- **Your task**
When a line of the material has the word "Case" in it, copy that line.

- **Task input**
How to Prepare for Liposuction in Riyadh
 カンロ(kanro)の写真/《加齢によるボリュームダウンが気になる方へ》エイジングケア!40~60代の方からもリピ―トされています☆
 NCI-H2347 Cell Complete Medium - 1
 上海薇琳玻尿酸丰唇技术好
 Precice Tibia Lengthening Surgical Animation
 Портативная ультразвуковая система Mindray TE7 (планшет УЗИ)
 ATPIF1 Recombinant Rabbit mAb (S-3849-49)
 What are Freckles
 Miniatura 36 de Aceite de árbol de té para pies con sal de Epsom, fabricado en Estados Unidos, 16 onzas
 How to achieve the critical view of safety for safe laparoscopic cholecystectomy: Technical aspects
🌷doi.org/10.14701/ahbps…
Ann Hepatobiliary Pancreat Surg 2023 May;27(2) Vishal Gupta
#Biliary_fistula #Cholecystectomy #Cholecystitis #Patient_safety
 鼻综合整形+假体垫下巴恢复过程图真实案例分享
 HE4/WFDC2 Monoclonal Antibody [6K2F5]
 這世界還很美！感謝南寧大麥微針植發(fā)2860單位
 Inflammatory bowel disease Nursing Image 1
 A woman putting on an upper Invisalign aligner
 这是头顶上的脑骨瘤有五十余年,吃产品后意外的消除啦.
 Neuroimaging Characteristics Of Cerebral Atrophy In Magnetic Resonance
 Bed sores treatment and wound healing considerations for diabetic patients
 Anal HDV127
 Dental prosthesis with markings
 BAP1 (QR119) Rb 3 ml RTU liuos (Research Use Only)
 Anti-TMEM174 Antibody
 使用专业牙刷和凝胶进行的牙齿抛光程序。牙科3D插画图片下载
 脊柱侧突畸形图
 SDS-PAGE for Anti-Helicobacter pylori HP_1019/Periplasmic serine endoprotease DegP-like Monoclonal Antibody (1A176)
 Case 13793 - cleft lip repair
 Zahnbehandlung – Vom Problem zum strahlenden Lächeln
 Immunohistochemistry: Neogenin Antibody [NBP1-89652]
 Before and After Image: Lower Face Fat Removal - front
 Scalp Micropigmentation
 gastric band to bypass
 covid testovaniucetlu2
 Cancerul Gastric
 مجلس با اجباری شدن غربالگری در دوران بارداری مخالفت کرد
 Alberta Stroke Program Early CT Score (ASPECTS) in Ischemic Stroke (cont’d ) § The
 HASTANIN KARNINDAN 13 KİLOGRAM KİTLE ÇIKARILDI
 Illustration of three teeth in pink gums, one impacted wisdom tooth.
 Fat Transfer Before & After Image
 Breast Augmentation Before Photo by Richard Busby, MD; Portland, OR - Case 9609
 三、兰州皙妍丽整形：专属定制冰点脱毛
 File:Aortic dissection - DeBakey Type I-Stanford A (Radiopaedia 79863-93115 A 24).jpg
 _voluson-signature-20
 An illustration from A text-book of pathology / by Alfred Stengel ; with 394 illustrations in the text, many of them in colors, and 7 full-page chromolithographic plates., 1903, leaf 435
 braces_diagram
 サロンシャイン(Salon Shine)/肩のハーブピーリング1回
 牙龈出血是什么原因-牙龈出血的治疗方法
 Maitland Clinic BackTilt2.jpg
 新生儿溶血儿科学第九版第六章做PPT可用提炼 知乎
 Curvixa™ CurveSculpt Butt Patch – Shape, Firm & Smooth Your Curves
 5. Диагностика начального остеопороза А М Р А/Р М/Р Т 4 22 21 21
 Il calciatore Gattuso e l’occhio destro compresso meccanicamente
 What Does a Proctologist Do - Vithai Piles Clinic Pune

- **Solution for this task**
 Case 13793 - cleft lip repair
 Breast Augmentation Before Photo by Richard Busby, MD; Portland, OR - Case 9609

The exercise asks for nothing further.